= Neaera (wife of Hypsicreon) =

Neaera (/niˈɪərə/; Νέαιρα), also Neaira (/niˈaɪrə/), is the main figure in an episode of Greek legendary history recorded by Parthenius of Nicaea, which runs as follows.

Neaera was the wife of a Milesian man, Hypsicreon. When Promedon of Naxos, a very good friend of Hypsicreon, visited him in Miletus, Neaera fell in love with the guest. She could not show her feelings in her husband's presence, but after some time Promedon came to Miletus again while Hypsicreon happened to be away, whereat she decided to take a chance. Neaera came into Promedon's room at night and tried to seduce him, but he would not give in, fearing the wrath of Zeus Xenios (Zeus the patron of xenia).

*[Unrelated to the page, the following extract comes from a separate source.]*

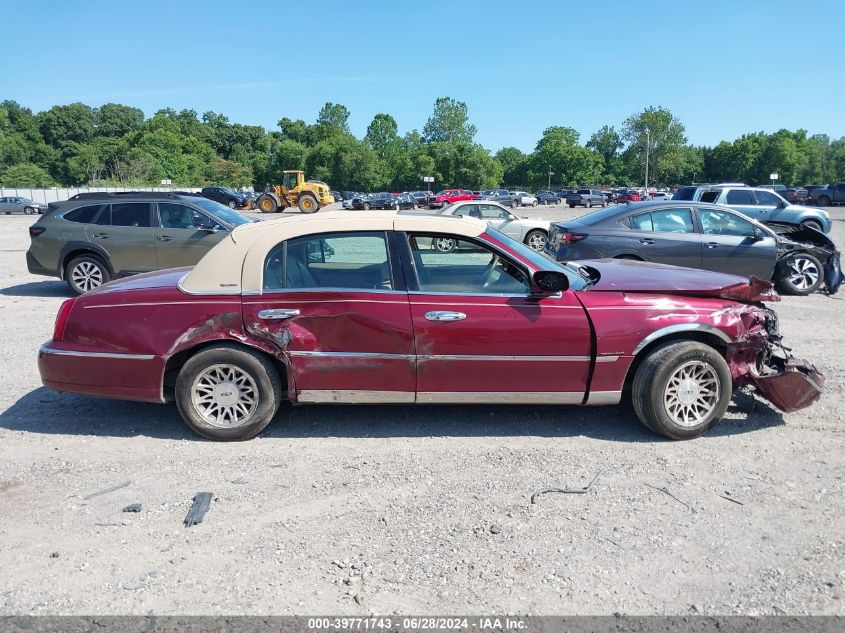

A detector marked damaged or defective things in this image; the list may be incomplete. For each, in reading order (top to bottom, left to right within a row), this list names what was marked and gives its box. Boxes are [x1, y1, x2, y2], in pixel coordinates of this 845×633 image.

Neara then ordered for the doors of the room to be locked and persisted in her advances, eventually forcing him to satisfy her desires. The following morning Promedon left Miletus, in remorse over having betrayed his friend's hospitality. Neaera followed him to escape imminent punishment by her husband. When Hypsicreon arrived at Naxos in search for her, she took up a suppliant's position at the sacred hearth in Prytaneum. The Naxians refused to deliver her up, suggesting instead that Hypsicreon himself convince her to return. The Milesians declared a war on Naxos over the incident and could have won if not for the stratagem of Polycrite.